ミュージカル「ファントム」@梅田芸術劇場

2023年8月5日(土)

 17時半から梅田芸術劇場でミュージカル「ファントム」を見た。ガストン・ルルーの小説「オペラ座の怪人」を原作にしたミュージカル。脚本はアーサー・コピット、作詞作曲はモーリー・イェストン。劇団四季がロングラン上映しているものはアンドリュー・ロイド・ウェーバー作品なので、ファントムにラウルは出てこないし、続編のつくれないオチがついている。

ミュージカル『ファントム』2023年公演 ― 梅田芸術劇場

 わたしは宝塚雪組公演「ファントム」で望海風斗さんと真彩希帆さんコンビを初めて見てだいきほ沼にハマったので、東宝版の「ファントム」でクリスティーヌを演じる真彩希帆さんを見られるのを楽しみにしていた。


 ゆえあってオペラ座の地下に棲みついている、音楽の才能は豊かだが人との交流が極端に不得手な男エリック(通称ファントム)は、クリスティーヌという女性の歌声に一聞き惚れし、彼女をオペラ座のスターにするべくレッスンを持ちかける。クリスティーヌは才能を開花させ、オペラ座で主役を演じるまでになるのだが、オペラ座プリマドンナ・カルロッタはそれが気に食わず、彼女に毒を盛る。エリックは激怒しカルロッタを殺害、捜索の為に地下に足を踏み入れた警官たちをも次々と手にかけてしまう……みたいな話。この他に、割と善良なクリスティーヌのパトロン、シャンドン伯爵と、エリックと懇意の仲であるオペラ座の前支配人キャリエールが重要人物として出てくる。


 ファントムを演じるのは加藤和樹。宝塚版の10倍くらい挙動不審で、早口で喋り方が幼くて、そこはかとなく怖かった。望海風斗ファントムは精神年齢高校1年生くらいに見えたのだけれども、和樹ファントムは小学校低学年くらい。キャリエールとの対話シーンでの幼さは痛々しいほどで、カルロッタに対する仕打ちは純粋故に激しかった。
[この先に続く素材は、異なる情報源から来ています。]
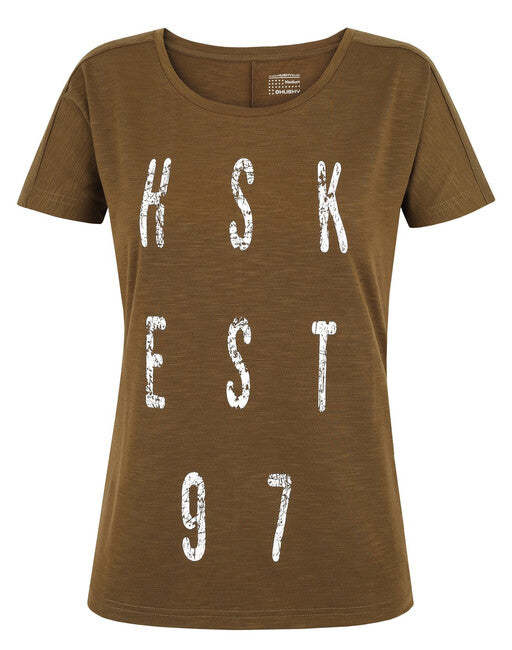 HUSKY Women's Functional T-Shirt Tingl, Dark Khaki, L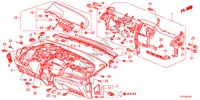PANEL DE INSTRUMENTO(LH) para Honda JAZZ HYBRID IMA-S    TEMP TIRE 5 Puertas automática completa 2012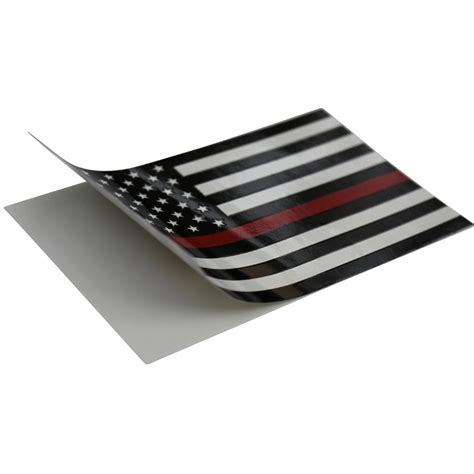 Thin Red Line Flag Decal In Support Of Firefighters And Emts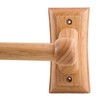 ALFI AB5505 24Inch Double Rack Wooden Towel Bar Bathroom Accessory - 4 of 4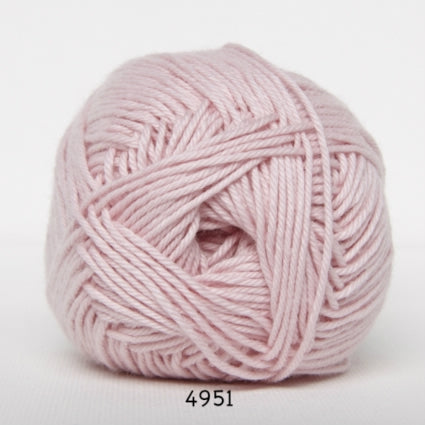 Hjerte Cotton nr. 8 Anti pilling - Rosa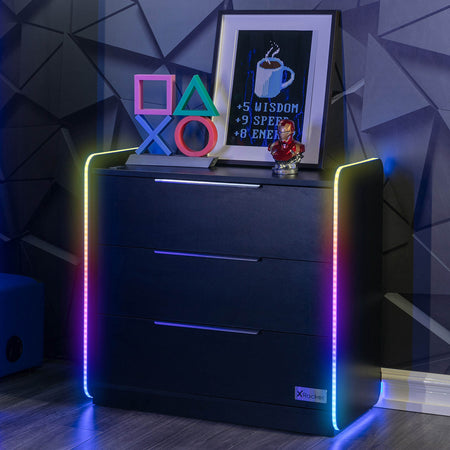 Electra Gaming Schubladen-Kommode mit RGB-Beleuchtung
 クリスティーヌ役の真彩希帆は宝塚版から更に磨きをかけたピアニッシモが冴え渡っていて、彼女の歌の為ならなんでもするという人がいるのに説得力があった。東宝版では、クリスティーヌ役の演者がファントムの母親ベラドーヴァも演じるのだが、迫真のダンスを見ることが出来た。

 カルロッタ役の石田ニコルは、ミーンガールズのクイーンビー役を更に強烈にしたキャラクターをコミカルに演じていて面白かった。歌唱力がある人があえて下手な歌を汚い声でうたうの大好物。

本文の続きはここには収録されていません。